By Rebecca Mullins
Nov. 15, 2013. Appalachian and the Community Together (ACT) of Appalachian State University hosts the third annual 5k Gobbler Run on Nov. 16, where the motto is, “Run the gobbler, eat the cobbler.” And sure enough, when the race is through, everyone gets a hefty slice of cobbler while they await the race results and prize ceremony. All proceeds go to the Leigh Lane Edwards Scholarship Fund and to nonprofit restaurant Farm Cafe on King Street.
This is a fall race like no other combining fitness, giving and cobbler into a morning of spectacular food and fun.
The race begins on Nov. 16 at 8 a.m. at Appalachian State University’s Duck Pond Field on Stadium Dr. The run loops around campus and part of Boone, then finishes once more at Duck Pond.
You can register for the race online here for $16 or at the ACT Outreach Center for $15. The Outreach Center is located on ASU’s campus in room 138 of the Plemmons Student Union, part of the new extension. You can also register at 7 a.m. the morning of the race for $20.
Registration by Friday guarantees a free T-shirt to commemorate the run.
According to Heather Jo Mashburn, Assistant Director of Community Service at the ACT office, when you register you will be offered a choice of your favorite cobbler: blueberry, apple, cherry, peach or strawberry.
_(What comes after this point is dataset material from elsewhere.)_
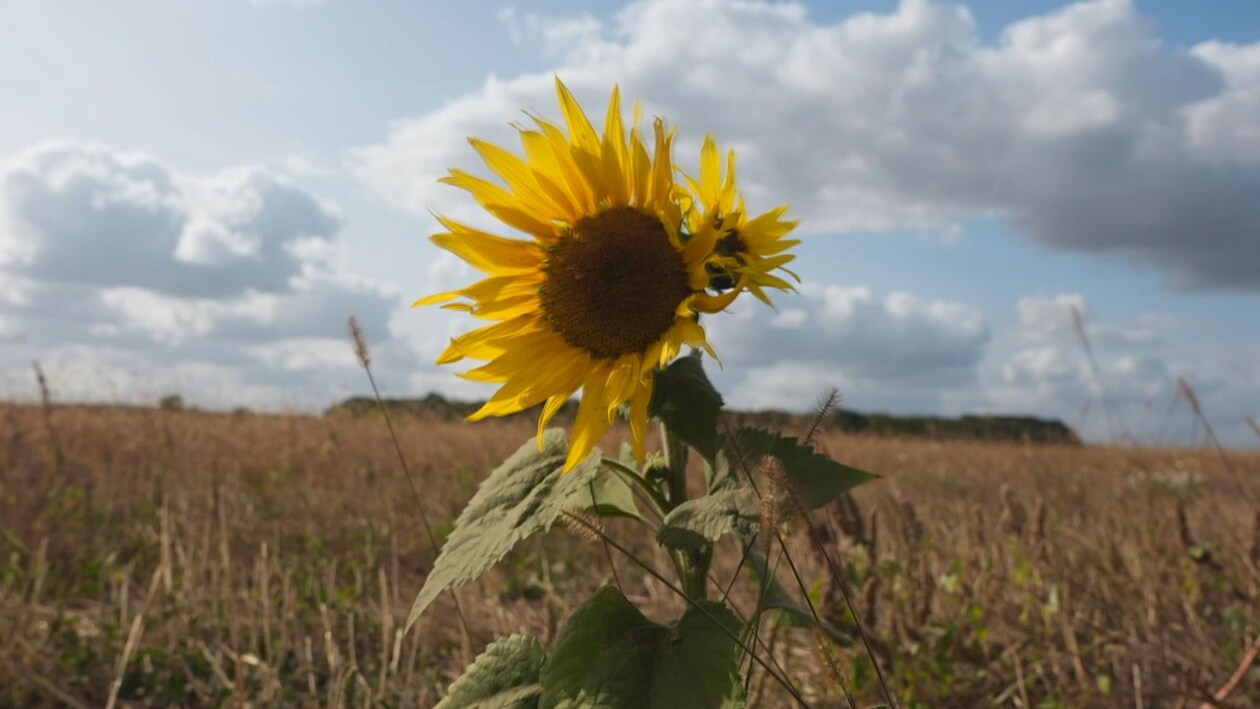 Un fleur de tournesol devant un champ agricole et Ukraine.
After the race, just pick up your cobbler and sit down for a few minutes to await the prizes. Mashburn recalled that the prizes would consist of gift cards to RoadID.com and dry ingredients to make your own cobbler.
The 5K Gobbler will present prizes to winners for each age category, as well as one to the youngest runner and one to the oldest runner. Last year, the winners were younger than 10 and older than 80, and if they can do it, so can you.
All proceeds from the race go to ACT’s Leigh Land Edwards Scholarship Fund for ASU students traveling on on international service learning experiences and the F.A.R.M. Cafe, a nonprofit restaurant in downtown Boone whose mission it is to feed anyone who comes in their doors.
“We just believe that its for a good cause and hope that people will come out and support it,” commented Mashburn.